#### Exercise aim
Please repeat exactly the lines from the one containing "this 600×398 image." to the end of the entries below, both included, and omit all pictures.

[Recorded data]
================================
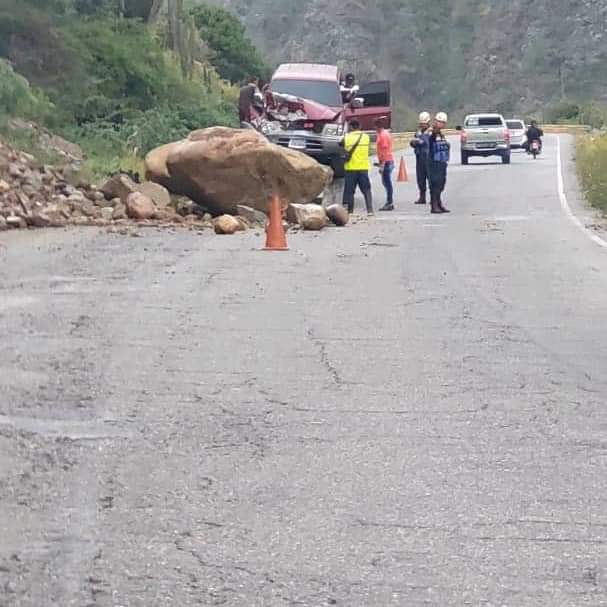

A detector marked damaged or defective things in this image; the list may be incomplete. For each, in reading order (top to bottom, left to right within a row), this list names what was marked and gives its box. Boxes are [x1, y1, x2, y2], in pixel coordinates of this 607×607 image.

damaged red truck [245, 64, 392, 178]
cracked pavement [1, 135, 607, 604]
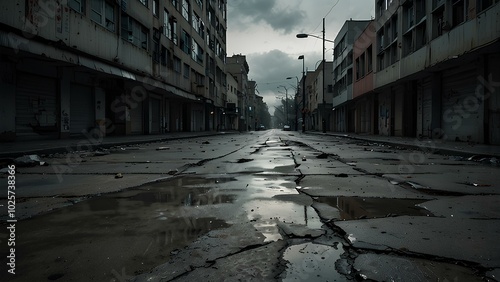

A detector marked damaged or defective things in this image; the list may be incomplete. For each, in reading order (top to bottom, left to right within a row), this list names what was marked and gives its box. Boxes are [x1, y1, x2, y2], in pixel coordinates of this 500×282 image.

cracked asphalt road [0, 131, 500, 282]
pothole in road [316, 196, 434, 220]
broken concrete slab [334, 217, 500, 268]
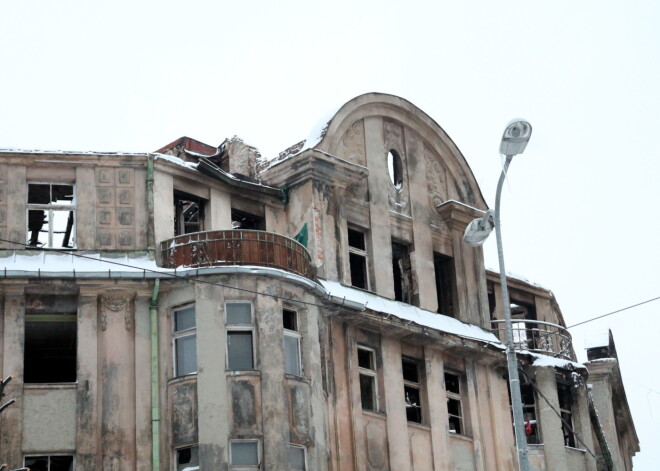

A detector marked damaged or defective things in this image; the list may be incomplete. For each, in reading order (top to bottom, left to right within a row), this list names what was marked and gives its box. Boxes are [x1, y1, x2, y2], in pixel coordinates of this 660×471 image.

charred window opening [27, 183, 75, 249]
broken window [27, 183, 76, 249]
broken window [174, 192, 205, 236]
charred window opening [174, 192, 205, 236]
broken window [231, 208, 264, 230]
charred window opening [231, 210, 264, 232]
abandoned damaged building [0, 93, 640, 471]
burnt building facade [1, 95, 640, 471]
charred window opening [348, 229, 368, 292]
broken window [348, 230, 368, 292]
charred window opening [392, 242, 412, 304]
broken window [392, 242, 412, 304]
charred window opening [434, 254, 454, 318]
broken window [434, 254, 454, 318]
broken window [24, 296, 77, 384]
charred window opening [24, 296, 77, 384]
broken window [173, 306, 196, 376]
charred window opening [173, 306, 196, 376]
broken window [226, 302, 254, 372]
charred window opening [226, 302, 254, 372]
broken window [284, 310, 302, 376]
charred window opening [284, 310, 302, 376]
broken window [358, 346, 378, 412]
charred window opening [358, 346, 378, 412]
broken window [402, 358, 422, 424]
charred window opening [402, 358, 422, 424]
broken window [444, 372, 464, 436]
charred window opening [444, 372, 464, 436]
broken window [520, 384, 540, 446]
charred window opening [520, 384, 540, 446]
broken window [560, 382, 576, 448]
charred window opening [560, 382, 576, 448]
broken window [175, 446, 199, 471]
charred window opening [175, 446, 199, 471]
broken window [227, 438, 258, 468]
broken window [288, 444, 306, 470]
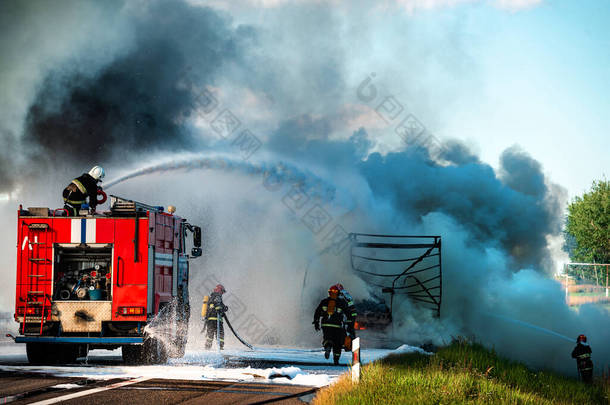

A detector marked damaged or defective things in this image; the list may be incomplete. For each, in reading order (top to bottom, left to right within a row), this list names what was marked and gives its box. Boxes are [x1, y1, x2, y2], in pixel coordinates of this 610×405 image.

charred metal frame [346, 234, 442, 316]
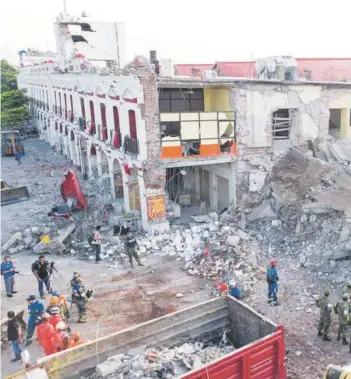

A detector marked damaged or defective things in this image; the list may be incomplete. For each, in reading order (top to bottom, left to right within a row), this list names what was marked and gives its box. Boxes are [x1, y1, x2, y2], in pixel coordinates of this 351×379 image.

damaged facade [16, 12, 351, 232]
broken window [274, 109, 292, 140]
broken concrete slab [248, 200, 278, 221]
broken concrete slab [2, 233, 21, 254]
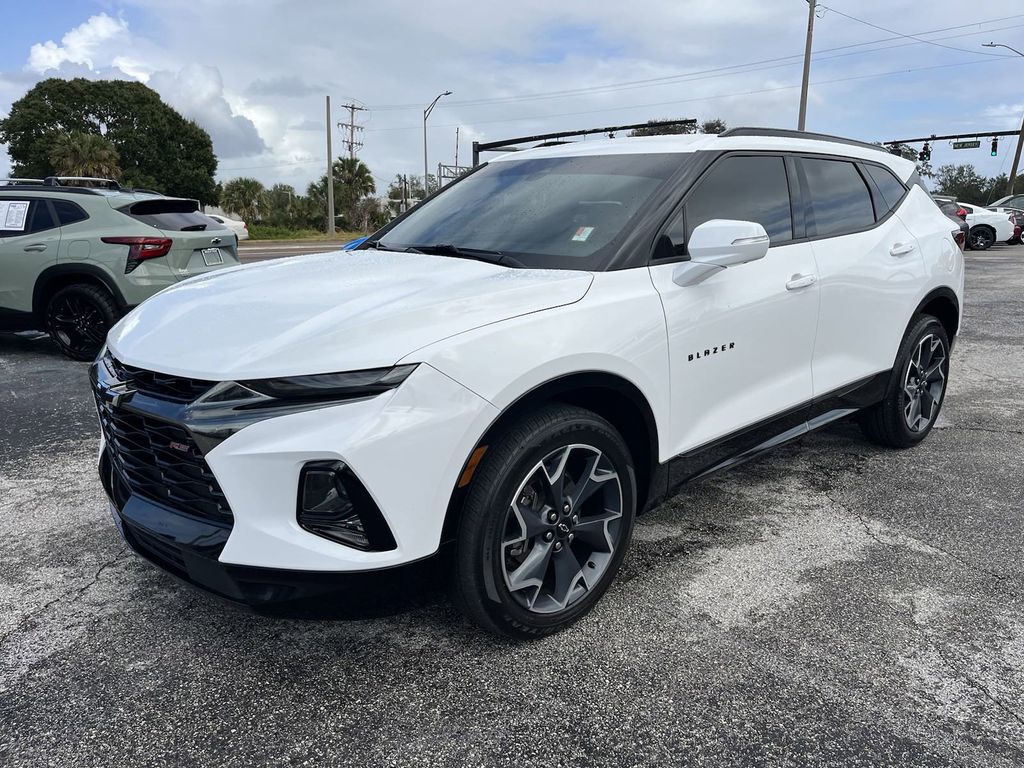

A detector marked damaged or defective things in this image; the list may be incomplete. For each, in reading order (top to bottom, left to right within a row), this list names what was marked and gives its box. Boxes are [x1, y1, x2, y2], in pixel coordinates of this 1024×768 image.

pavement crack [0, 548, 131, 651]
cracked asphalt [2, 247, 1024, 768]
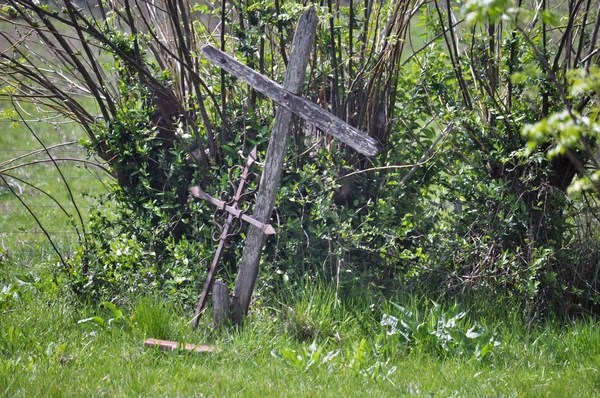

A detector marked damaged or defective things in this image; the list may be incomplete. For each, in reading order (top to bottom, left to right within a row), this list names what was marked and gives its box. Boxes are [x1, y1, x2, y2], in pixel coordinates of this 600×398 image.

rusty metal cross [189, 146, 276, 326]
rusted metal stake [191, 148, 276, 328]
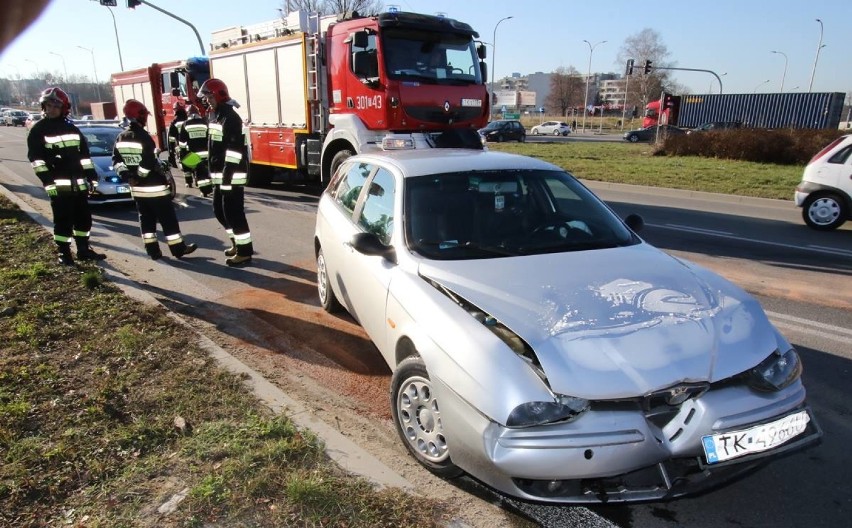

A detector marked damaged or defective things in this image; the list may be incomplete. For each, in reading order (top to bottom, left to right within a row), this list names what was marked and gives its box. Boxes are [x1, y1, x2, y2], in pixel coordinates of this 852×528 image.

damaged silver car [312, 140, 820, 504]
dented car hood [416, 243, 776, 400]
================================
#### Exercise response
A detector marked damaged or defective things in this image; the list may be incomplete. For each, in reading order (top to bottom, left to right within a row), this list names what was marked and gives its box. Boxes are [x1, y1, x2, y2], in pixel coordinates of this 600×398 image.

rusty metal cross [189, 146, 276, 326]
rusted metal stake [191, 148, 276, 328]

A detector marked damaged or defective things in this image; the list may be incomplete. For each, in reading order (top to bottom, left to right within a row), this list names what was marked and gives its box. Boxes are [x1, y1, x2, y2], in pixel coordinates of this 852×528 image.

damaged silver car [312, 140, 820, 504]
dented car hood [416, 243, 776, 400]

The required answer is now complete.